- [Directions]:
Nothing outside the range below should be printed. Output exactly the lines from the line with "Knoxville Iowa Photographer" to the line with "Johnson's Tasty Freeze", both included.
━━ Input data
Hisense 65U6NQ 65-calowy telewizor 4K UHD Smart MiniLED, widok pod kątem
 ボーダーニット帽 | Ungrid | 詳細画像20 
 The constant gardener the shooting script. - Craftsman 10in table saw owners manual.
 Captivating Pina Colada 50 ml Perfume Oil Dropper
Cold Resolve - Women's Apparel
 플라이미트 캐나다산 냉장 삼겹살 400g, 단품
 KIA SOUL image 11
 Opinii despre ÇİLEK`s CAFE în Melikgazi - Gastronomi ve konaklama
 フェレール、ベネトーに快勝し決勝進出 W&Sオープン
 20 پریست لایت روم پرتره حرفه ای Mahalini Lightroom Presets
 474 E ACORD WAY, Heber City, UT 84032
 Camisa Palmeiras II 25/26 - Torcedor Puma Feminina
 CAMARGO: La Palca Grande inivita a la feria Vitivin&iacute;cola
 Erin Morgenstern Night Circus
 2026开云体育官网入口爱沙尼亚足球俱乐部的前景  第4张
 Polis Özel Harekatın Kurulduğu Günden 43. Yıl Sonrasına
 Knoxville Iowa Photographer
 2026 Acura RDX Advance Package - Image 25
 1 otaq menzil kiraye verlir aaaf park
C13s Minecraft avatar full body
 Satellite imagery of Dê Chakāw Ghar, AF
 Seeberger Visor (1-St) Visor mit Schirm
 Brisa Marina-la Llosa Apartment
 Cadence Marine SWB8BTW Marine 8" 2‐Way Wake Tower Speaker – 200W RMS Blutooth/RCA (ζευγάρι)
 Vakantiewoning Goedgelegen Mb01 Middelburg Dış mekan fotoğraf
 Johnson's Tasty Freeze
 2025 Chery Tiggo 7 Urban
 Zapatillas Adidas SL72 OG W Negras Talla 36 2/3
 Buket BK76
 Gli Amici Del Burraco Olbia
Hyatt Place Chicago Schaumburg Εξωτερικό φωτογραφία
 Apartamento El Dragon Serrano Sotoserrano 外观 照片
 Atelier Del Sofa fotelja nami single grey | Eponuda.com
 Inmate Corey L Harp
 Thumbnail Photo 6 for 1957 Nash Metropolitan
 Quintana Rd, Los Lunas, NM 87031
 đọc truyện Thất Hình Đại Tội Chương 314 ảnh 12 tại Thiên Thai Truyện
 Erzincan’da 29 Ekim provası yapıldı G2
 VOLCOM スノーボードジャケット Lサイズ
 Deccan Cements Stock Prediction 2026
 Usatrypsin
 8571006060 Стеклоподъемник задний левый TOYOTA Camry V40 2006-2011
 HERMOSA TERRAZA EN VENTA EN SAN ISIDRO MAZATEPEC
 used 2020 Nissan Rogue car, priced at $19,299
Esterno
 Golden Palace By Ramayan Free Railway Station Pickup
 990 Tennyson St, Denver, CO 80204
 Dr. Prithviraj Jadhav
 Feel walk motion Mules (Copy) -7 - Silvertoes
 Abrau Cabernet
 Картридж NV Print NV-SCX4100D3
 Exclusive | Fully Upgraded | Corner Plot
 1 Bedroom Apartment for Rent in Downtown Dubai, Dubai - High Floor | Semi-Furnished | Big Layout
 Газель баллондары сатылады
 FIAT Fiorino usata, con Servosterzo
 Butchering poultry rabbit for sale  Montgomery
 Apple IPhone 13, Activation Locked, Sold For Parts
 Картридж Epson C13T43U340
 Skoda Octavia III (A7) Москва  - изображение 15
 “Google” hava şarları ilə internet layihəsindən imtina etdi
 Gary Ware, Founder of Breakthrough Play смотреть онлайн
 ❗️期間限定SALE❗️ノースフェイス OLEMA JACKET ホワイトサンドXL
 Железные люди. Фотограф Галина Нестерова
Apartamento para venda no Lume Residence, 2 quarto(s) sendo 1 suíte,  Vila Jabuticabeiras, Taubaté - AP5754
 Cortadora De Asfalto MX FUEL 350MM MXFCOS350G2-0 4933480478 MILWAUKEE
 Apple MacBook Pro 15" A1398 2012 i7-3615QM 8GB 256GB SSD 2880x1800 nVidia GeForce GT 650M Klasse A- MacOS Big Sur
━━━━
- [Answer to this exercise]:
 Knoxville Iowa Photographer
 2026 Acura RDX Advance Package - Image 25
 1 otaq menzil kiraye verlir aaaf park
C13s Minecraft avatar full body
 Satellite imagery of Dê Chakāw Ghar, AF
 Seeberger Visor (1-St) Visor mit Schirm
 Brisa Marina-la Llosa Apartment
 Cadence Marine SWB8BTW Marine 8" 2‐Way Wake Tower Speaker – 200W RMS Blutooth/RCA (ζευγάρι)
 Vakantiewoning Goedgelegen Mb01 Middelburg Dış mekan fotoğraf
 Johnson's Tasty Freeze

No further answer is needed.